What the exercise asks: Copy only the lines from the one with "Fairbank Trail 2" through the end of the records, exactly as they stand. No pictures belong in the copy.

*** Records to use Section Begins ***

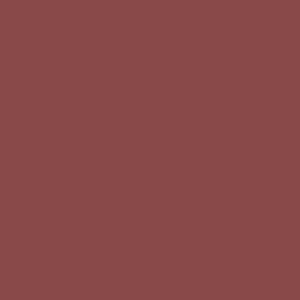 2424 RailMatch 18mls Pot Dark Brick Acrylic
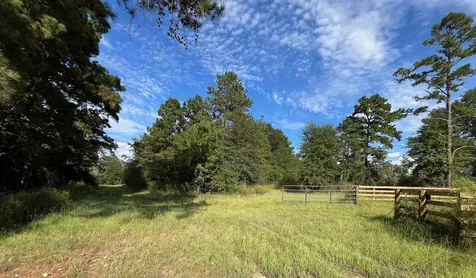 7749 Cr 4200 Pennington TX 75856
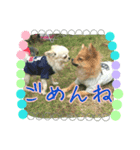 りんこじさく①（個別スタンプ：4）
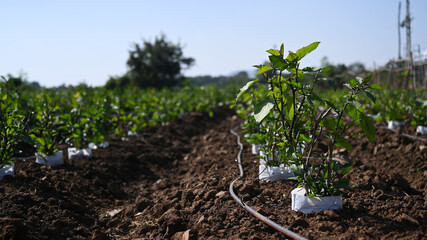 Image of fresh organic purple aubergine in garden on sunny day.
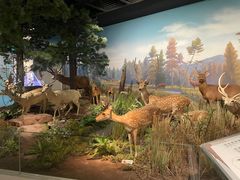 -陕西自然博物馆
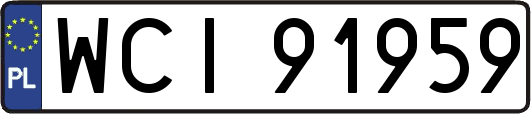 WCI91959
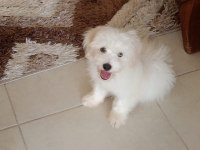 3 aylık erkek yavru köpeğimiz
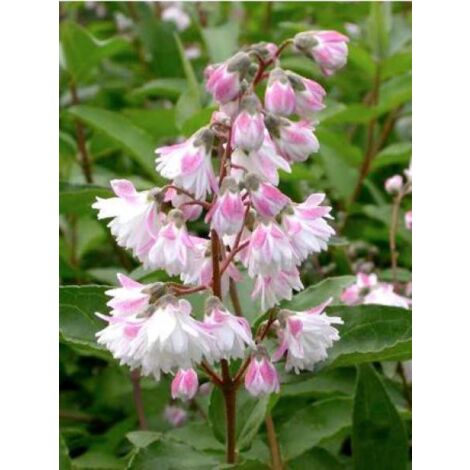 Deutzia scabra 'Plena' Pot de 2L/3L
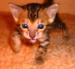 Bengálská koťata s PP odběr říjen a listopad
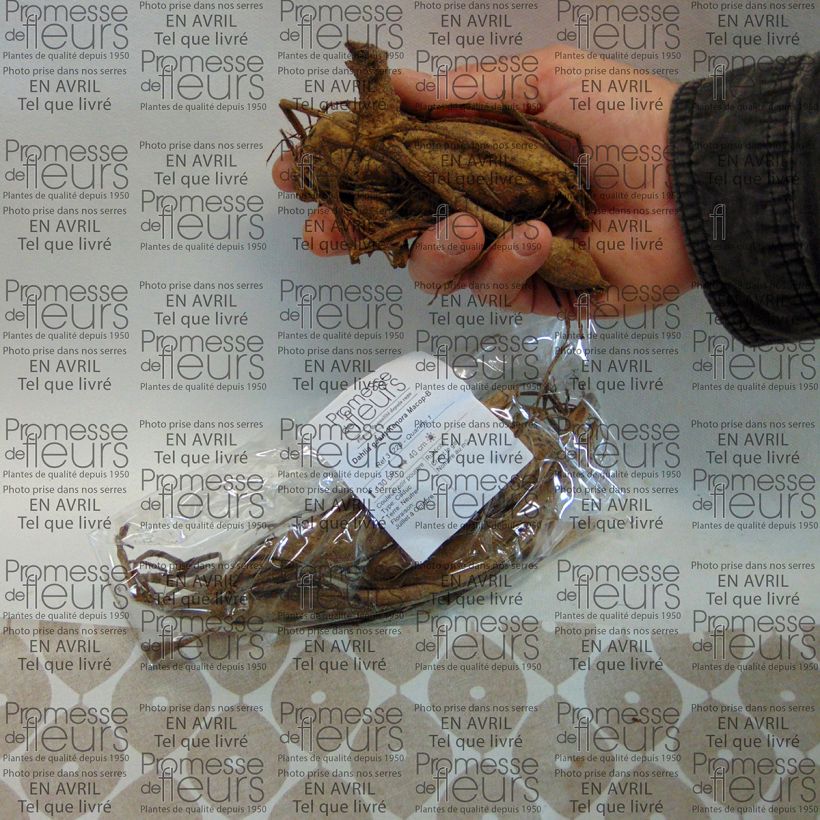 Exemplo de amostra de Dália gigante Kenora Macop Bulbo Calibre I tal como entregue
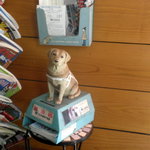 こうかいぼう - 盲導犬の募金箱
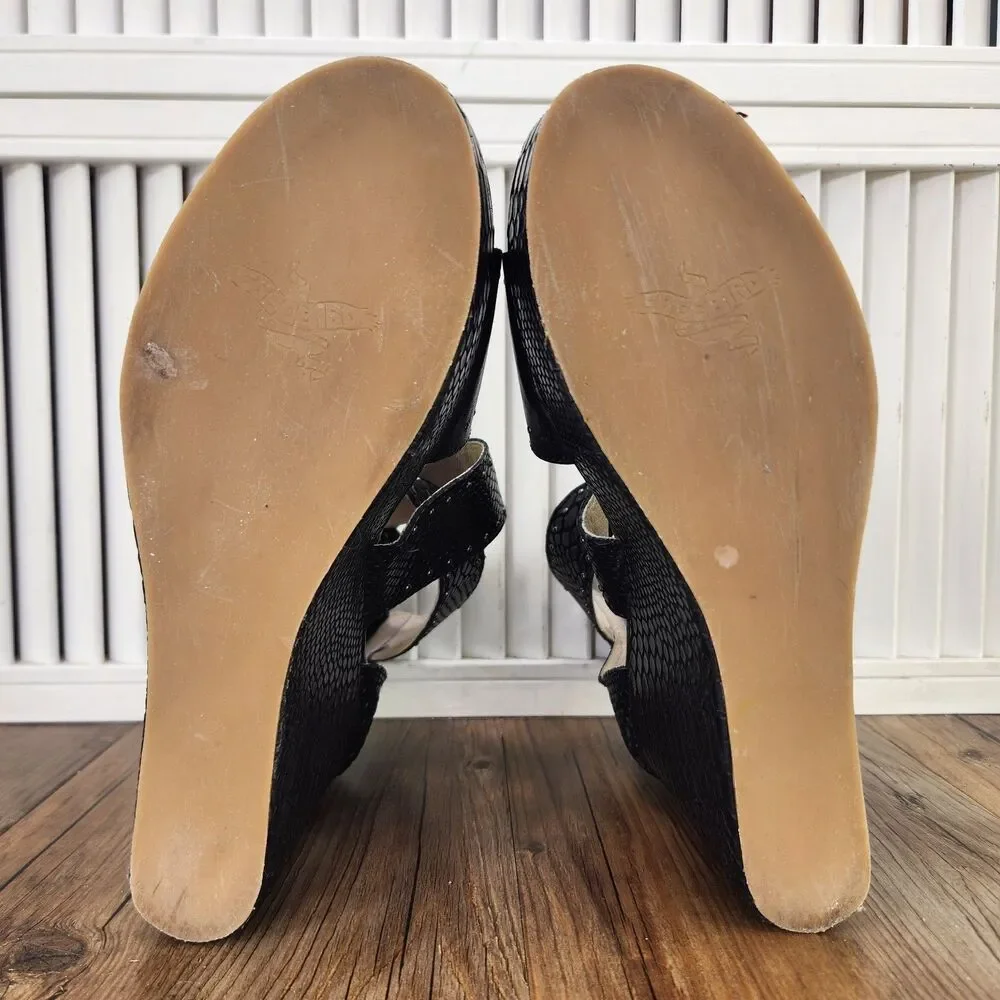 freebird pre owned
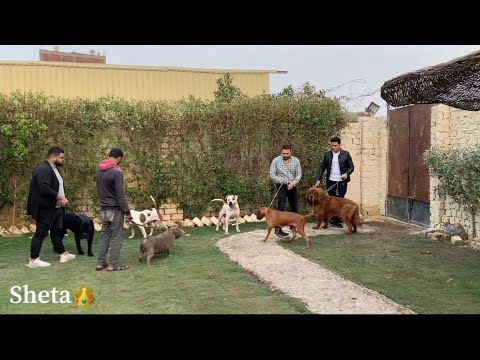 بويكا وسلطان في مزرعة روت وايلر مواجهة قوية مع كلاب كتيررر وكبيرة 😳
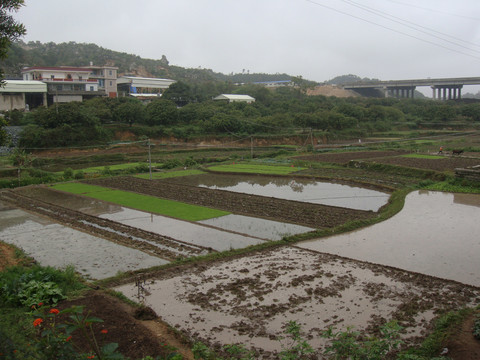 农村水田
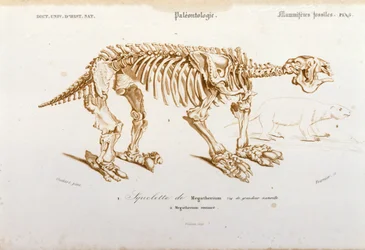 Esihistoria: Megateriumin (norsuperheeseen kuuluva maanpäällinen laiska) fossiilisen nisäkkään luuranko. Paleontologialevy otettu Charles D
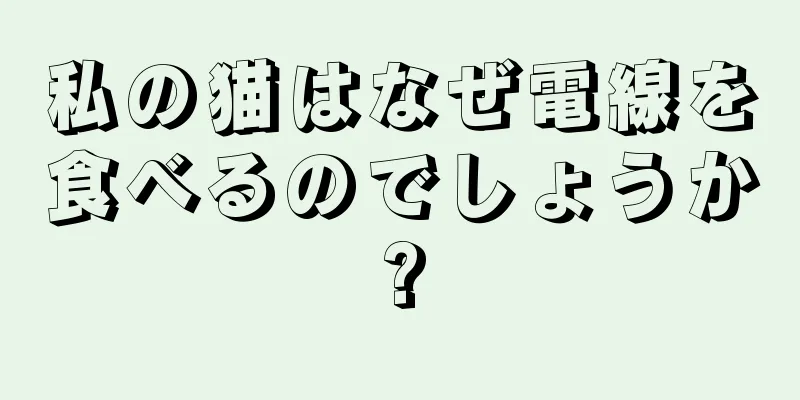 私の猫はなぜ電線を食べるのでしょうか?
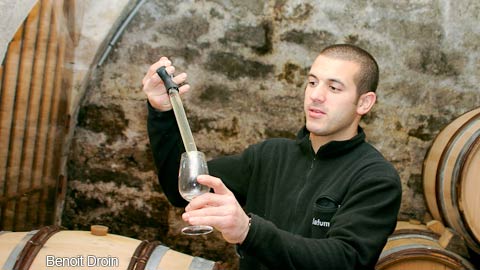 Burgundy/Beaujolais/Jura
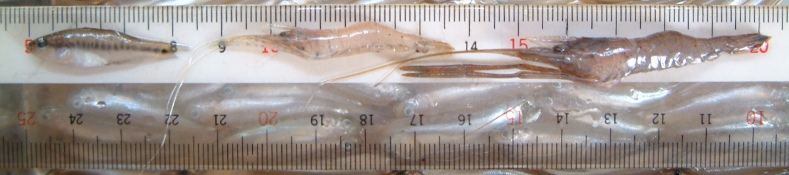 fig.05 �I�I�N�`�o�X�E�k�}�G�r�E�e�i�K�G�r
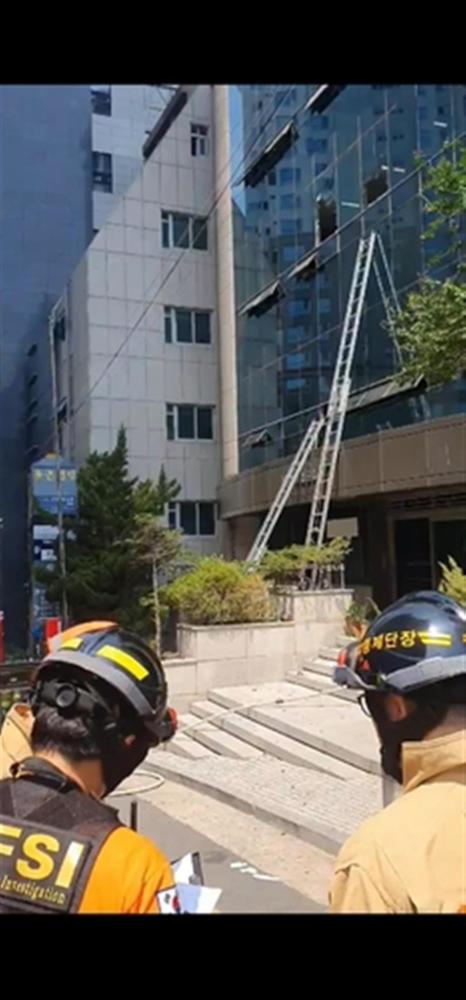 韩国一栋办公楼发生火灾，已致7死46伤恐龙霸主排行2023已更新(知乎/今日)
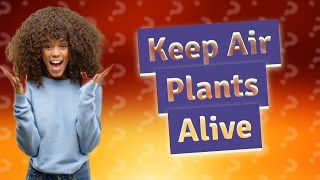 What kills air plants?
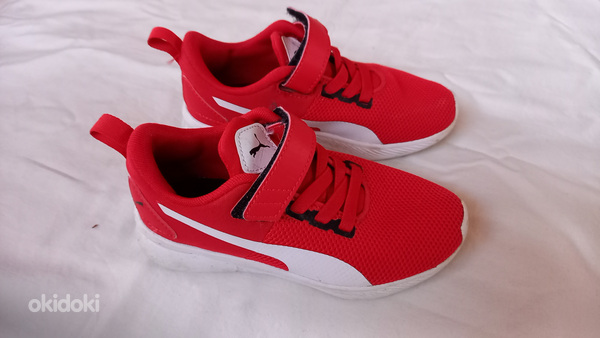 Puma tossud 29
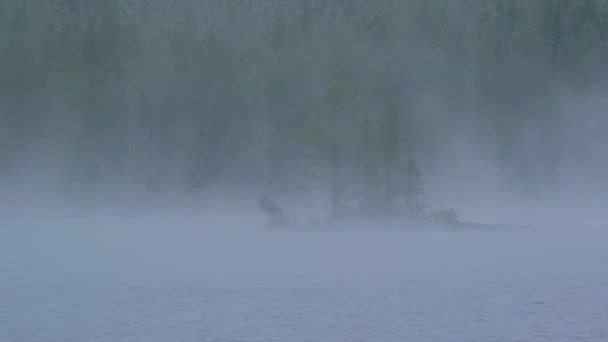 Bedeckter Alpenblick mit Gebirgssilhouetten-Fragmenten durch Nebel und Wolken. — Stockvideo
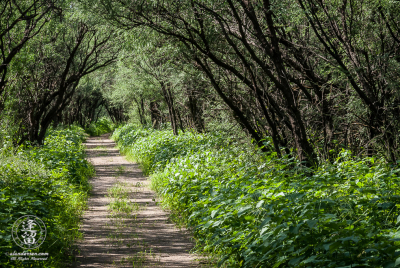 Fairbank Trail 2 Desert trail winding through thick weeds beneath mesquite trees.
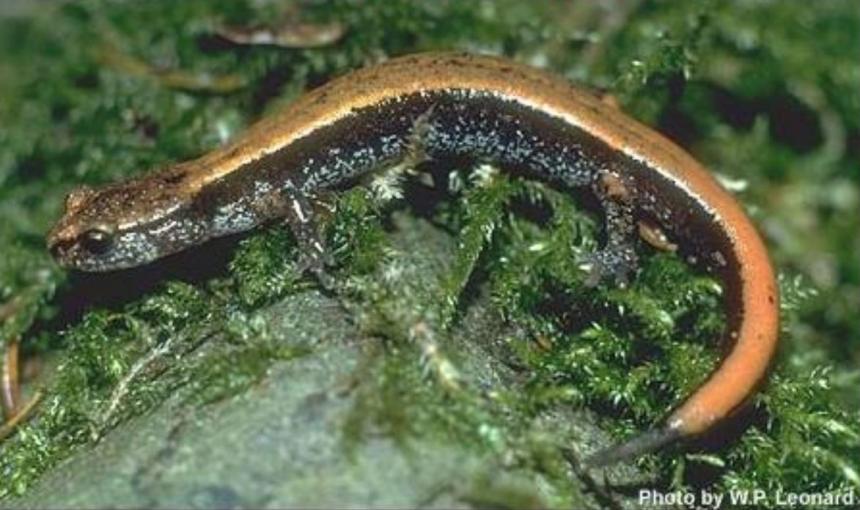 Close up of a western red-backed salamander with a yellowish dorsal stripe.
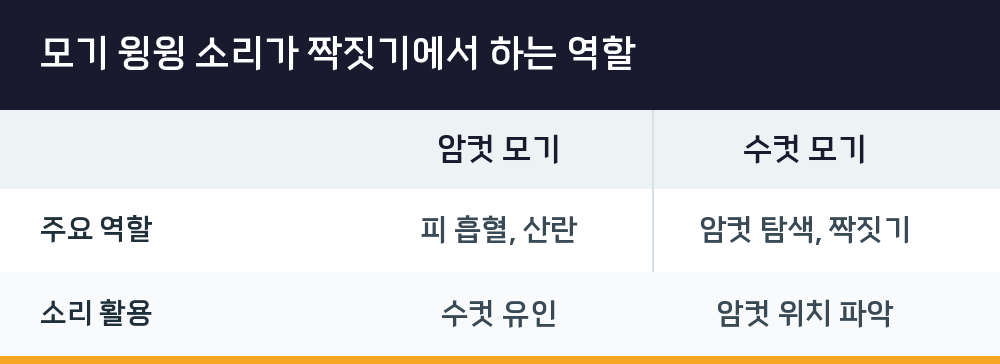 모기 윙윙 소리가 짝짓기에서 하는 역할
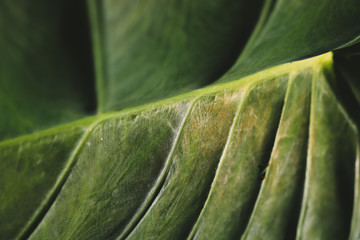 Creative tropical green leave layout. Nature spring concept.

*** Records to use Section Ends ***

Solution for this problem:
 Fairbank Trail 2 Desert trail winding through thick weeds beneath mesquite trees.
 Close up of a western red-backed salamander with a yellowish dorsal stripe.
 모기 윙윙 소리가 짝짓기에서 하는 역할
 Creative tropical green leave layout. Nature spring concept.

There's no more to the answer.